Esta coisa – o capital, trabalho morto – surge com força consciente, mesmo em
sua inconsciência. É o poder para determinar as relações, desde a própria
produção, que institui e constitui a formação social capitalista. Há, aqui, a
inversão fetichista da produção: o objeto torna-se sujeito, determina as
relações; os indivíduos, isolada ou coletivamente, são momentos coisificados
dentro do processo. Estes indivíduos são determinados pelo movimento autônomo
do objeto, aquele do qual fazem parte na produção. Desse modo, partindo da
combinação social que tem o capital como sujeito, “a desapropriação do poder
produtivo do trabalhador ocorre no próprio processo de produção” (NEGT &
KLUGE, 1999, p. 104).
Assim
sendo, o capital, como “potência econômica da sociedade
burguesa, potência que domina tudo” (MARX, 1993, p. 107), aparece no processo de trabalho de acordo com suas
relações específicas. Não somente como material e meio de trabalho, aos quais
pertence o trabalho e incorporando a si mais trabalho para a valorização do
próprio capital. Juntamente à anexação do trabalho, o capital absorve as
combinações sociais daí surgidas. Tais combinações, tanto objetivas quanto
subjetivas, expropriadas do trabalhador individual e coletivo, desenvolvem-se
como forças estranhas que dominam o trabalhador. Estas forças são propriedade
imanente do capital. O conjunto deste movimento surge como um processo social
específico. Os fins particulares dos indivíduos e suas vontades conscientes
estão subsumidos à totalidade do processo. Este aparece, em sua efetiva
objetividade, como natural. Mesmo que a produção social surja da interação
entre indivíduos supostamente conscientes, ela não os pertence. E esta mesma
interação produz um poder social combinado, estranho, independente e situado
para além das consciências e poderes individuais e combinados dos Homens. Dessa
forma, o capital adquire objetividade auto-determinada, transformando-se em
sujeito na medida em que configura mais sua coisidade, por ter incorporado o
trabalho e as determinações sociais como seus momentos. Sua forma de
existência, neste sentido, é de uma autonomia efetiva face aos indivíduos. É no
processo produtivo alienado que o capital a adquire. Oskar Negt e Alexander
Kluge, no texto O trabalhador total, criado pelo capital com força de realidade, mas que é
falso, mostram que esse poder do
capital engendra-se no ato da produção. Segundo o texto:
O capital, à medida que subtrai da força de trabalho socialmente
produtiva uma das sínteses que partem dele, institui uma combinação, com poder
de realidade, da força de trabalho social. O capital não incorpora apenas o
trabalho social, portanto, mas também as combinações sociais da força de
trabalho, que se acumulam diante do trabalhador individual sob a forma de poderes
sociais. (NEGT & KLUGE, 1999, pp. 104-5).

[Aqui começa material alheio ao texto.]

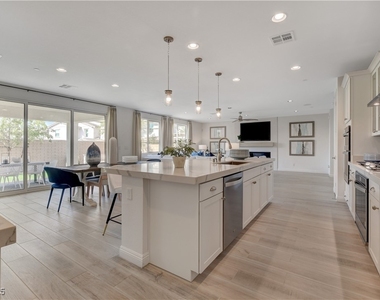 1075 N Water Street - Photo Thumbnail 18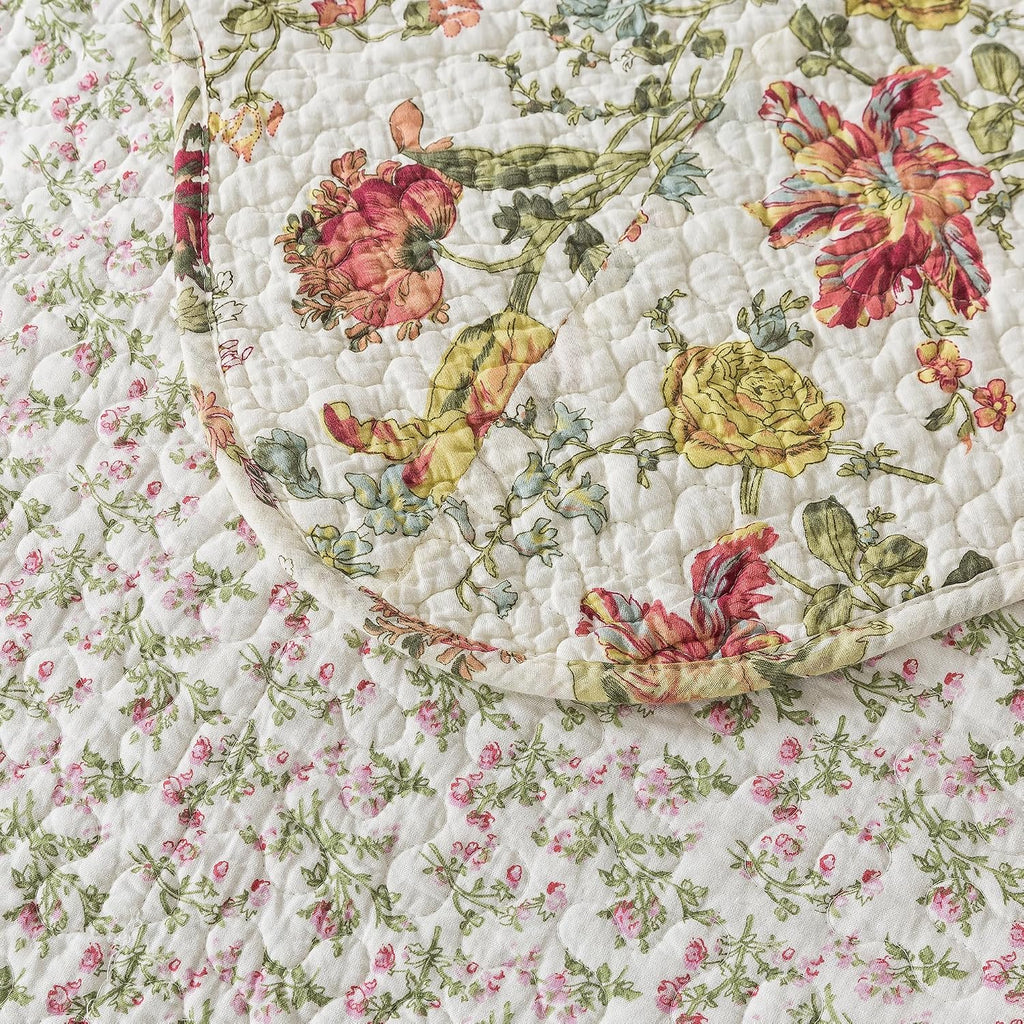Etwel 100% Cotton Patchwork King Size Quilt Set - Lightweight Breathable Reversible Bedspread for Hot Sleepers, Farmhouse Floral Bedding Set with 2 Pillow Shams for All Season (106'x94', Beige Floral)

É o capital em si e para si que possui realidade e
determina todos os momentos da totalidade social a partir da produção alienada.

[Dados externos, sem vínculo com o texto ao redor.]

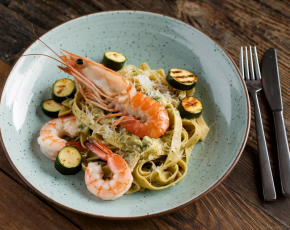 Паста с цукини и лангустиновыми креветками в CulinaryOn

Desse modo, o fetiche da mercadoria, aquele objeto que aparece como sujeito após
seu desligamento dos produtores, é somente a aparência, a superfície do
processo produtivo fetichizado. Não é o produto acabado que se mostra alheio
aos indivíduos, assim como a alienação não ocorre após a produção, relativo ao
objeto pronto e exteriorizado. É, antes, o processo produtivo que coordena a si
mesmo e independe totalmente das vontades e poderes individuais. Assim, o
processo produtivo do capital é movimentado por si, em sua plena autonomia.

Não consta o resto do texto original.